What you need to think about is whether or not you can see a point in the future where your situation will improve and you’ll be a little more relaxed about what you say yes to. Are your debts something that you can budget for, or are they taking over completely and pretty much stopping you doing anything social?
If it’s the latter, it may be time for you to look into a debt solution. A debt solution would put you on an agreed payment arrangement with your lenders. Crucially, it may be able to bring the amount that you’re paying down so that you’re able to manage it and have a more acceptable quality of life as well.
Now there are pros and cons to all debt solutions and none of them can be said to be an easy fix, but if you have debts that will take years to pay off and very low disposable income or none at all, then it will be worth looking into whether one of the solutions could be right for you. Take a look at our debt help page for lots of info on the various solutions. Don’t forget you can always pick up the phone and talk to us if you’re unsure about anything. There’s also lots of free advice from The Money Advice Service.

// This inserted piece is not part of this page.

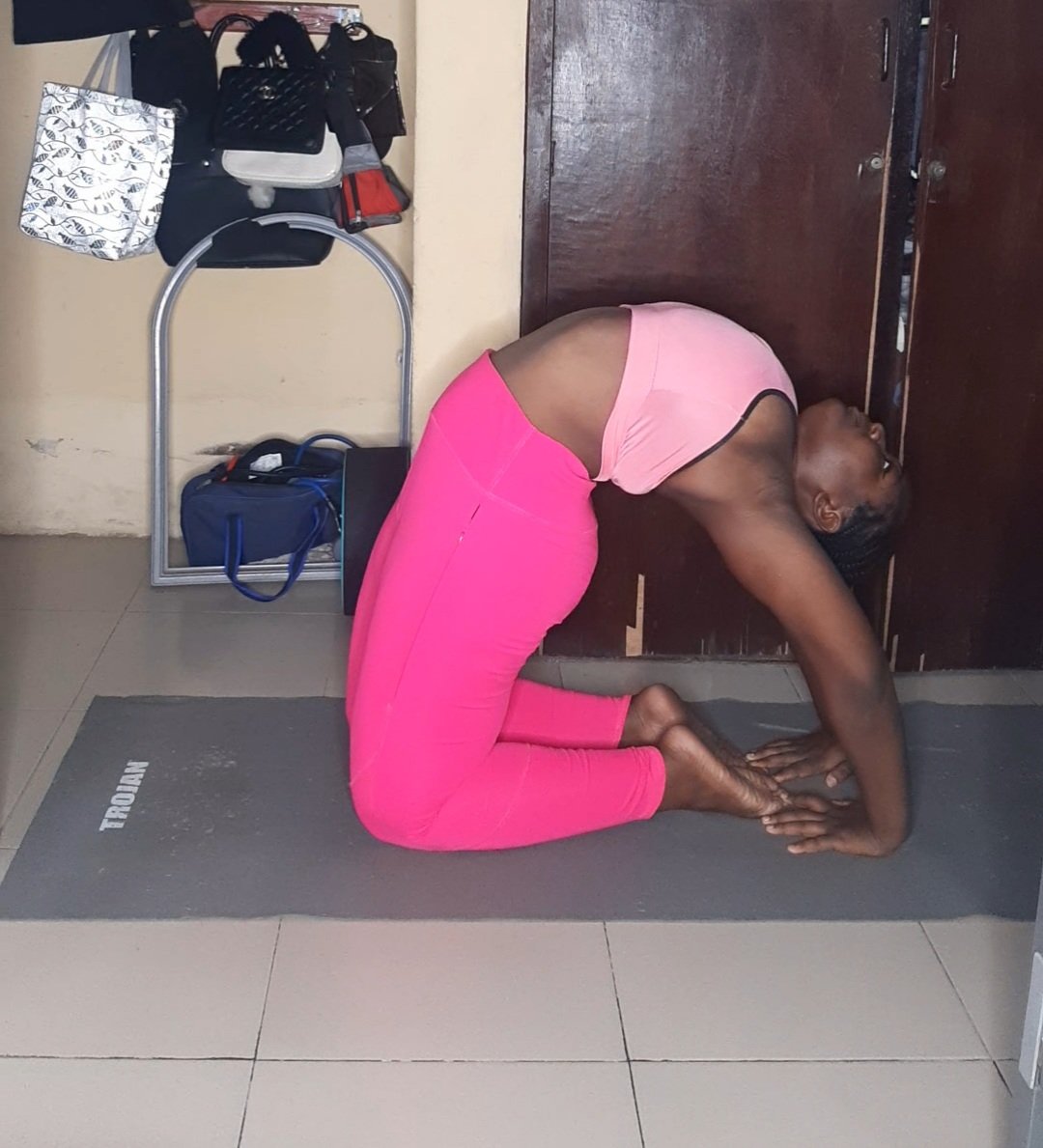 Kachiyoga97's tweet image. Same pose, different variations.

#yoga #camelpose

If you just need to cut back…
If you can look to the future and see an end point to your debt, and think that you could manage the repayments if you just cut down on some social events or treats, then it might be time to make that sacrifice. You still face the problem of having to tell people that you won’t be able to make that hen do or birthday party though. And, of course, there’s the fear that you’ll be missing out. Here are some ideas of how to get round the problem while you’re watching the pennies:
Work to a budget. A lot of the “umming” and “ahhing” is eliminated if you’ve already worked out what you can afford. If you know that you can afford your priority bills and debt repayments and still put £100 aside for socialising every month, anything over that is automatically a no.
Be honest. Don’t just say no and make up excuses over and over again – you could risk damaging a good relationship. People are far more likely to suffer hurt feelings if they think they’re being rejected than if they know you just can’t afford it. You never know, if you’re honest, you may find others in your circle of friends are in exactly the same boat.
Find an alternative. Okay, so maybe you can’t afford to go to the cinema and then out for a meal. But could you afford to have a couple of friends over and watch a movie with some snacks? Get them to bring a DVD over that you haven’t seen and you’re getting basically the same thing for a fraction of the cost. Getting creative is a big part of dealing with a temporary cash-flow problem. For example, always look for the cheaper alternative and if you do go out to eat, check online to see whether you can find a voucher for your restaurant of choice.
No matter how stressful your financial situation is at the moment, there is always light at the end of the tunnel. For some people setting and sticking to a tight budget will be enough to help get their finances back on track. For other, whose debts are unmanageable, there are debt solutions out there to help people in just your situation. Don’t bury your head in the sand when it comes to money problems, tackle them head on and you could be debt free faster than you think.